** Records provided follows **
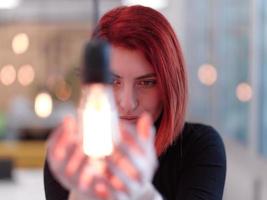 businesswoman holding hand around light bulb photo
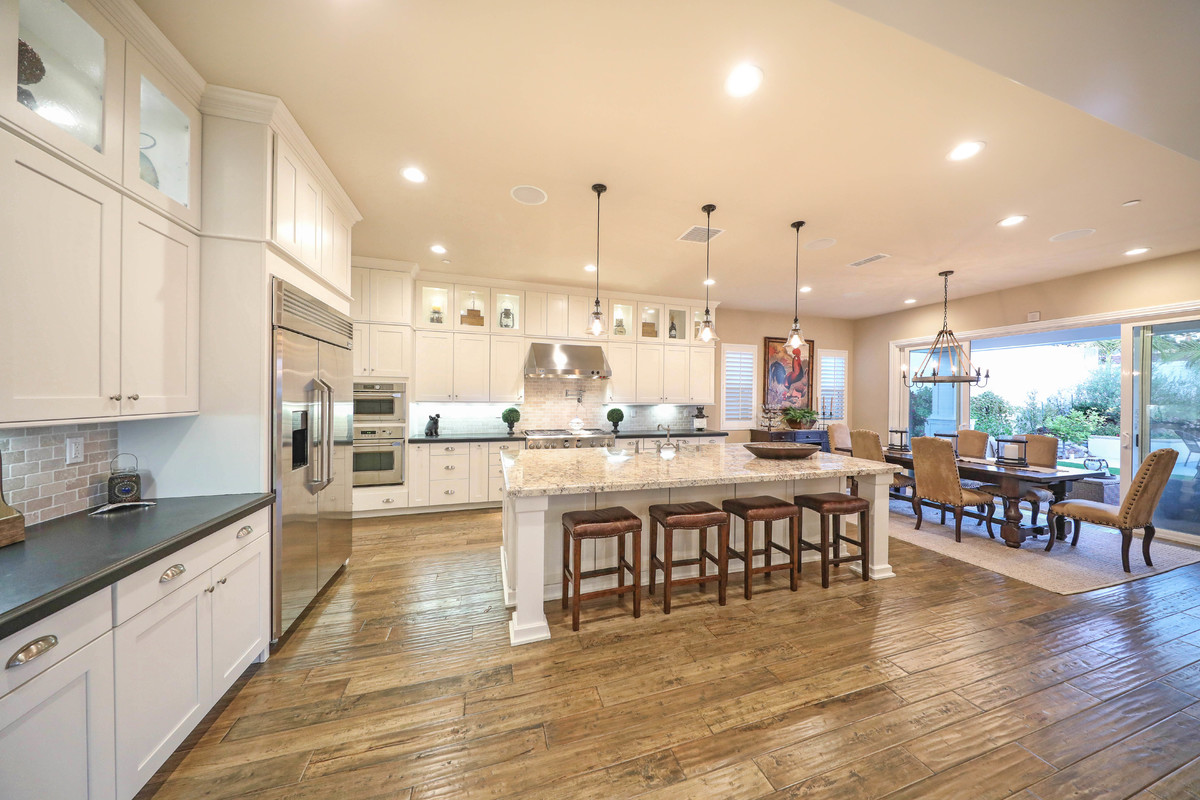 Example of a large transitional l-shaped medium tone wood floor and brown floor open concept kitchen design in Orange County with a farmhouse sink, shaker cabinets, white cabinets, quartz countertops, beige backsplash, subway tile backsplash, stainless steel appliances and an island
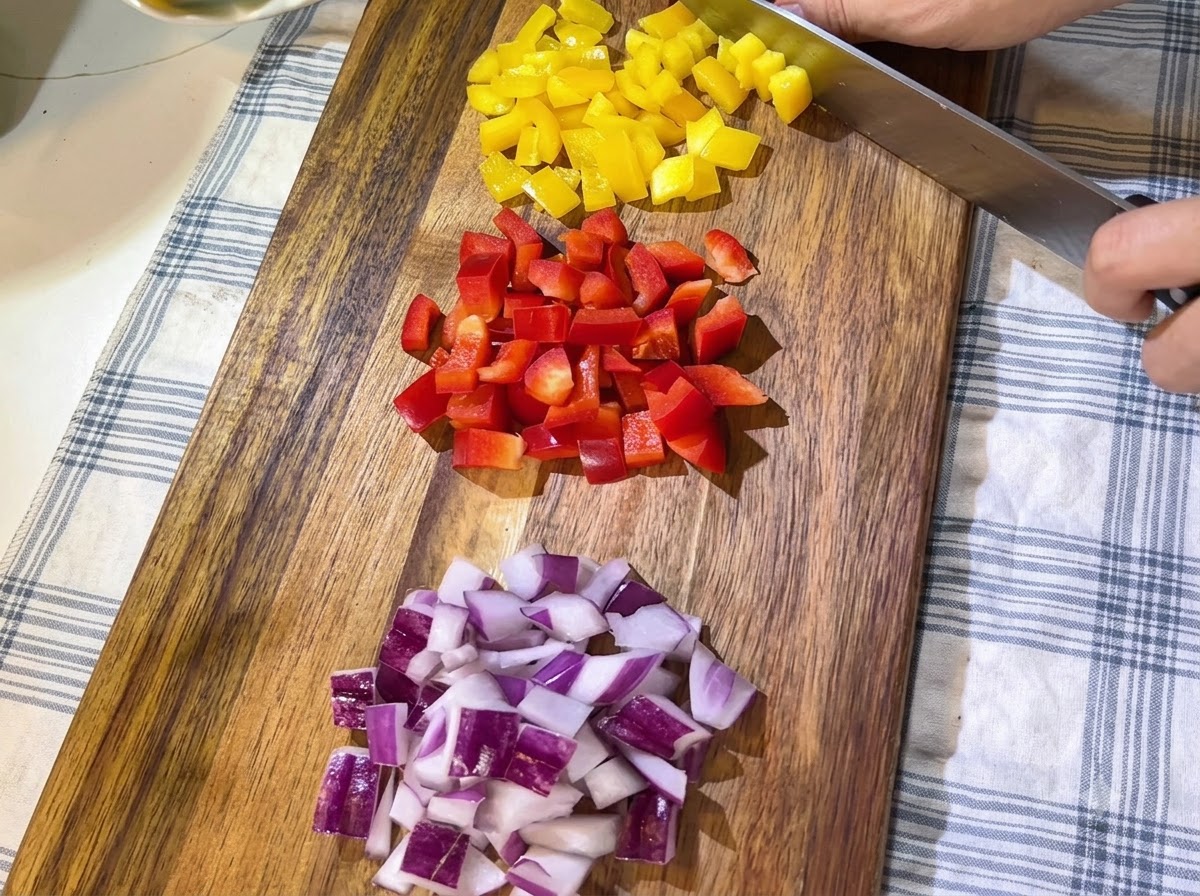Haufen von frisch gehackter roter und gelber Paprika sowie gewürfelten roten Zwiebeln, ordentlich auf einem Holzschneidebrett angeordnet.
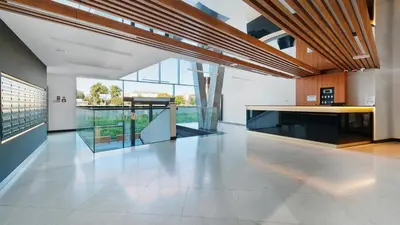 a large room with a white floor and glass walls at Riva Verona, Sun & Snow in Kraków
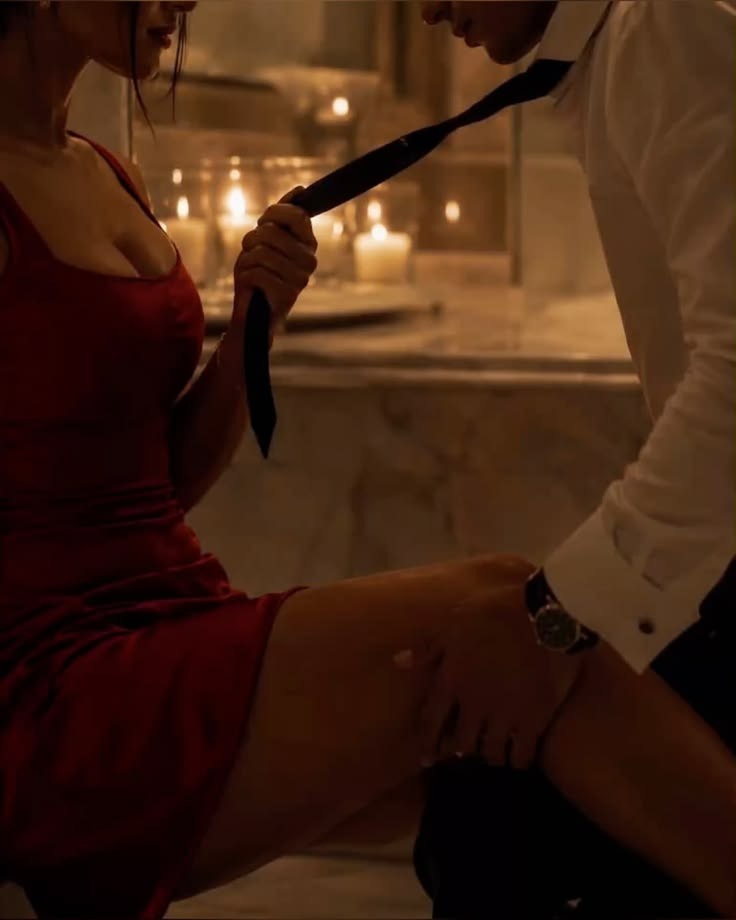 A woman in a red dress pulls her lover close by his tie in candlelight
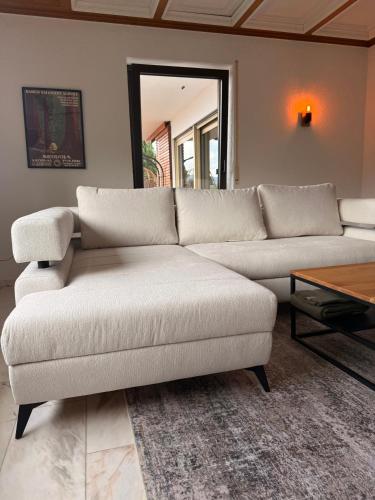 a living room with a couch and a table at Private Spa Lodge Odenwald in Lindenfels
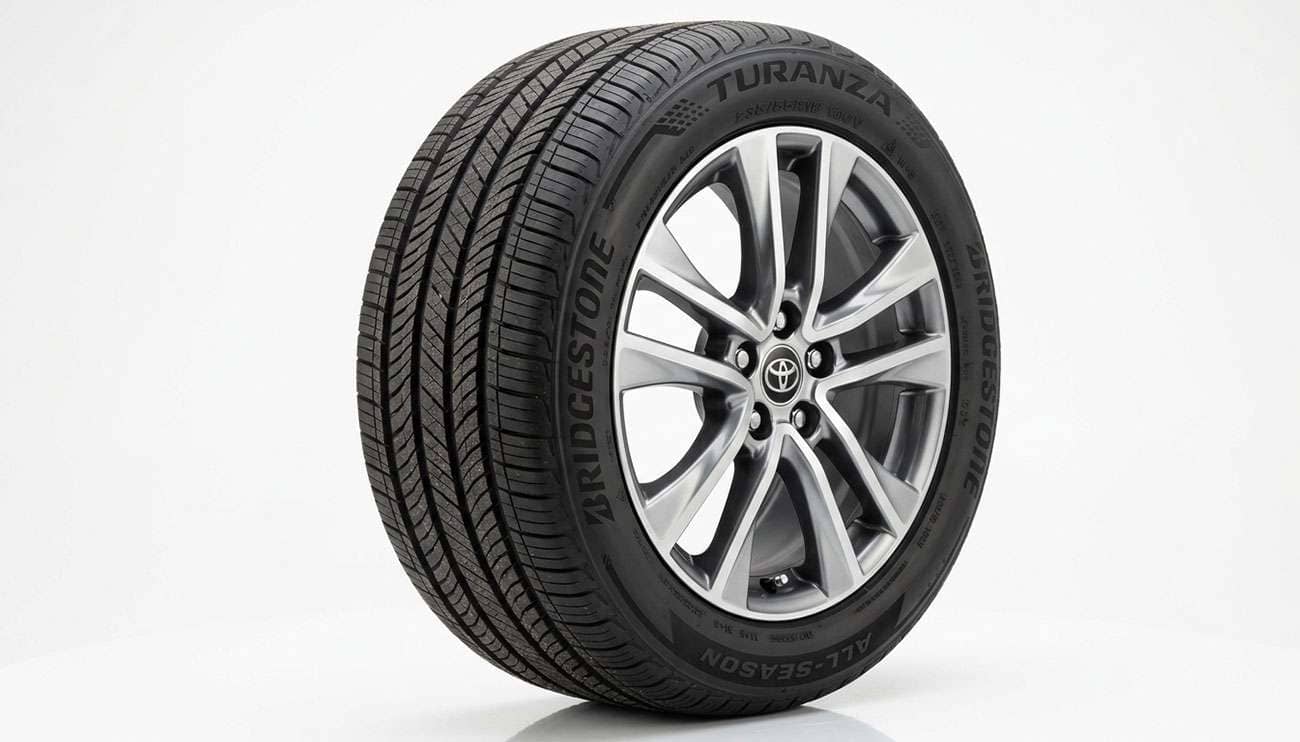 A 235/55R18 all-season tire mounted on a crossover alloy wheel on a clean white studio background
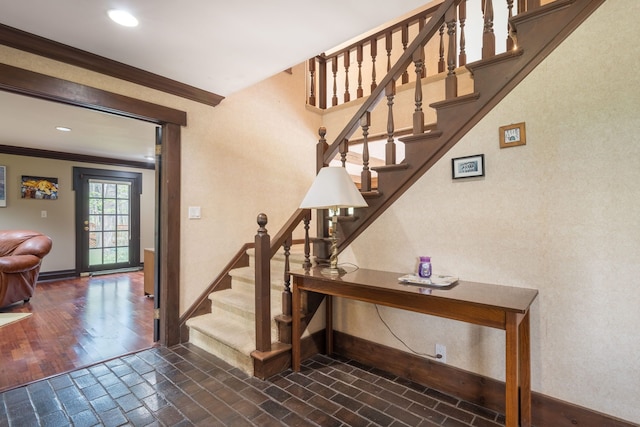 staircase with baseboards, ornamental molding, and recessed lighting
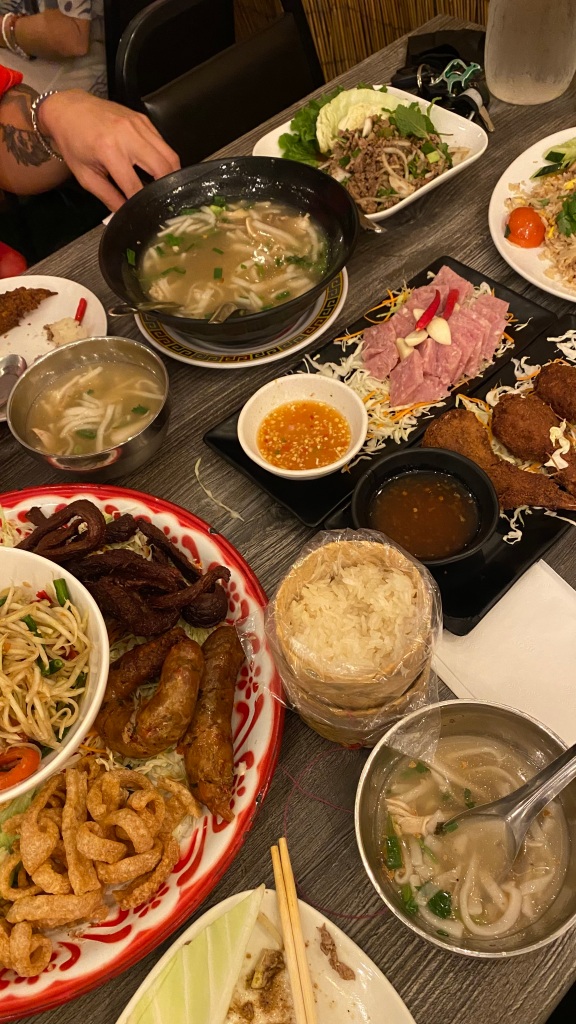 food spread, lunar new year dinner, laotian dinner, salad, fried riced, udon soup, papaya salad, sticky rice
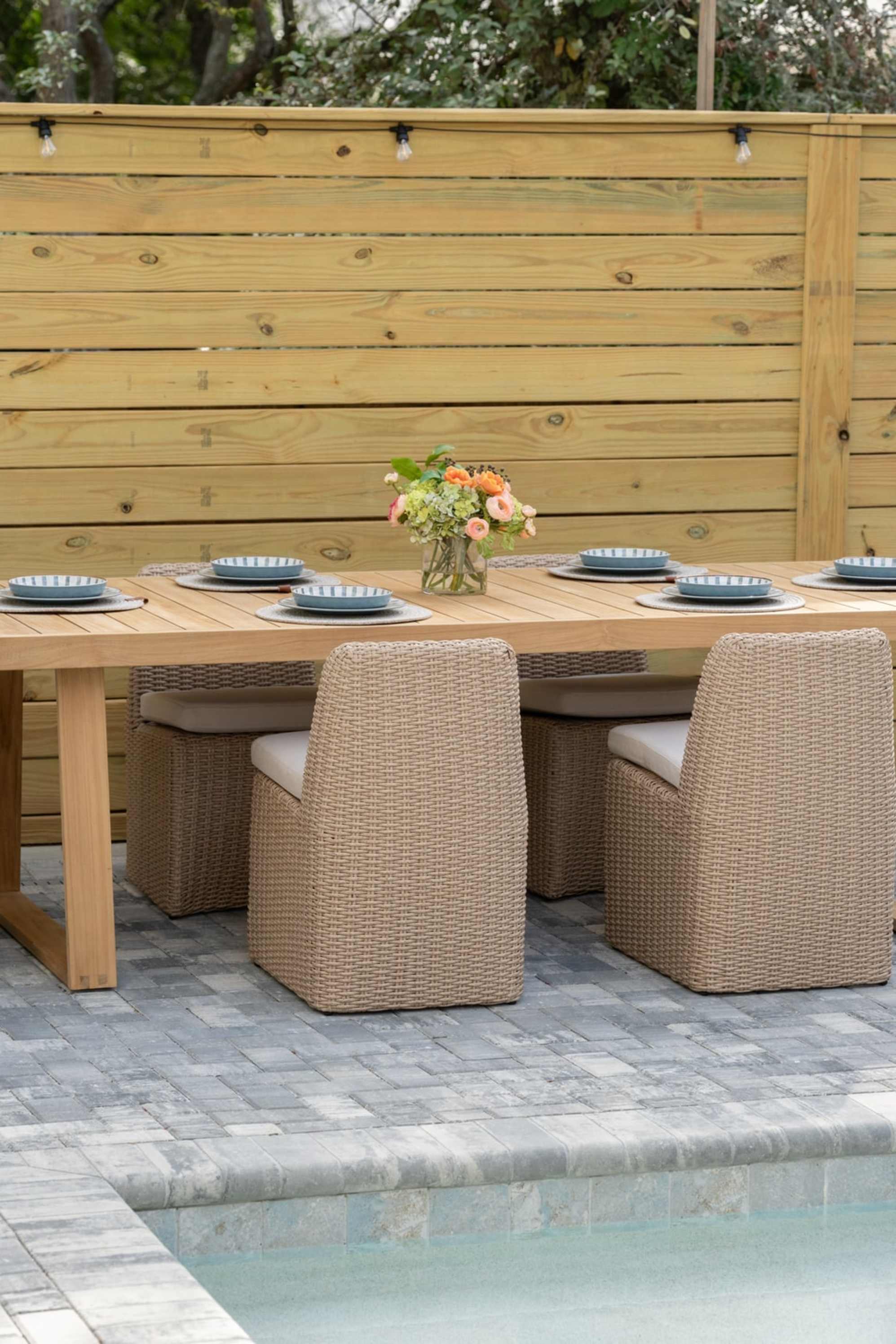 A teak outdoor dining table and 4 wicker chairs are placed by a pool.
** End of Records provided **
__Requirement__:
Retype only the lines from the line with "Haufen von frisch" through the last line of the data. Keep both ends and skip the pictures.

__Result__:
Haufen von frisch gehackter roter und gelber Paprika sowie gewürfelten roten Zwiebeln, ordentlich auf einem Holzschneidebrett angeordnet.
 a large room with a white floor and glass walls at Riva Verona, Sun & Snow in Kraków
 A woman in a red dress pulls her lover close by his tie in candlelight
 a living room with a couch and a table at Private Spa Lodge Odenwald in Lindenfels
 A 235/55R18 all-season tire mounted on a crossover alloy wheel on a clean white studio background
 staircase with baseboards, ornamental molding, and recessed lighting
 food spread, lunar new year dinner, laotian dinner, salad, fried riced, udon soup, papaya salad, sticky rice
 A teak outdoor dining table and 4 wicker chairs are placed by a pool.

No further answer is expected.